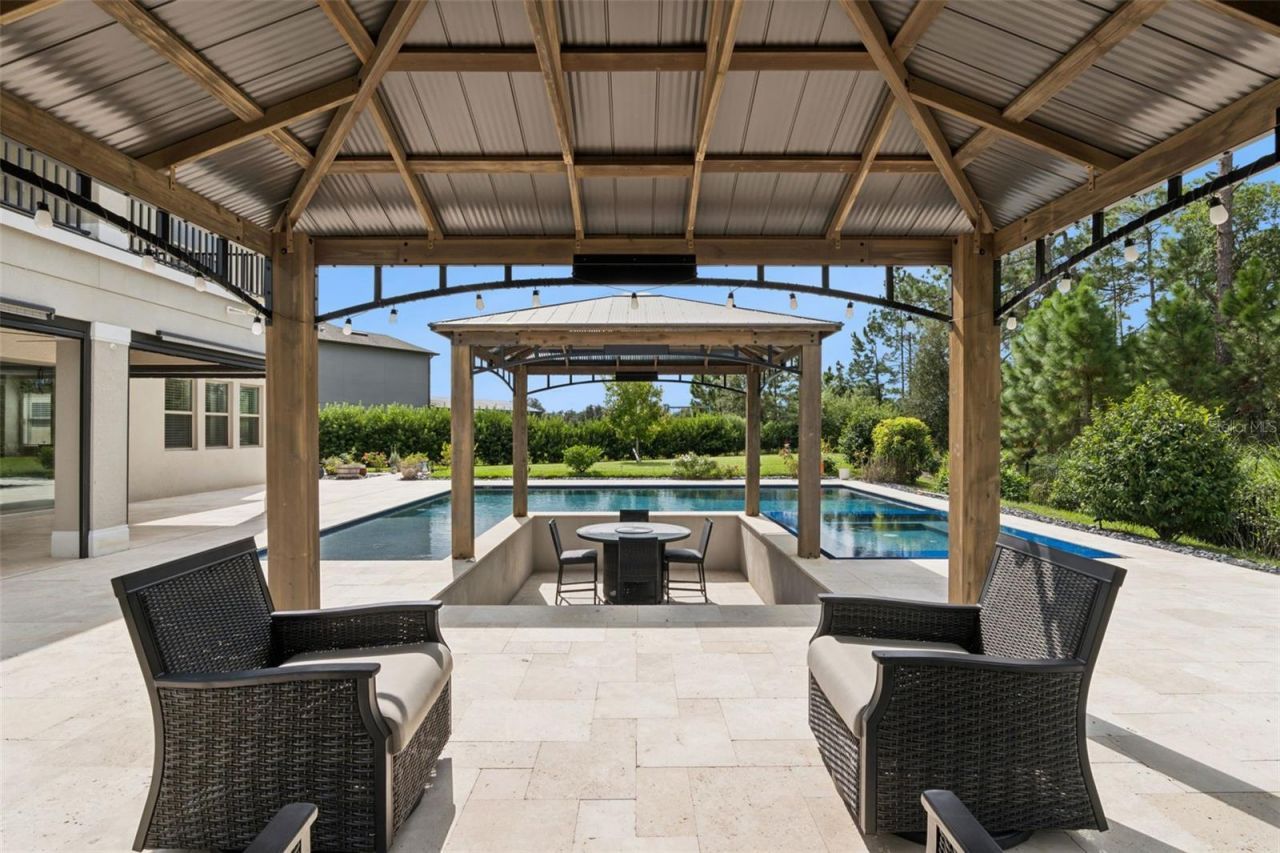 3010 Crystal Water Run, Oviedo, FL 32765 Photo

...

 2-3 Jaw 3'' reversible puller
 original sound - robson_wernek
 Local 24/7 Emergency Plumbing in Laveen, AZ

...

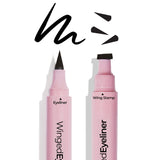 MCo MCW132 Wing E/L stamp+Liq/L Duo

▶ _Required action_: Looking back over the data above, restate word for word the lines that begin at the line with "2-3 Jaw 3'' reversible puller" and end at the line with "Local 24/7 Emergency Plumbing in Laveen, AZ", inclusive.

▶ _Exercise response_:
 2-3 Jaw 3'' reversible puller
 original sound - robson_wernek
 Local 24/7 Emergency Plumbing in Laveen, AZ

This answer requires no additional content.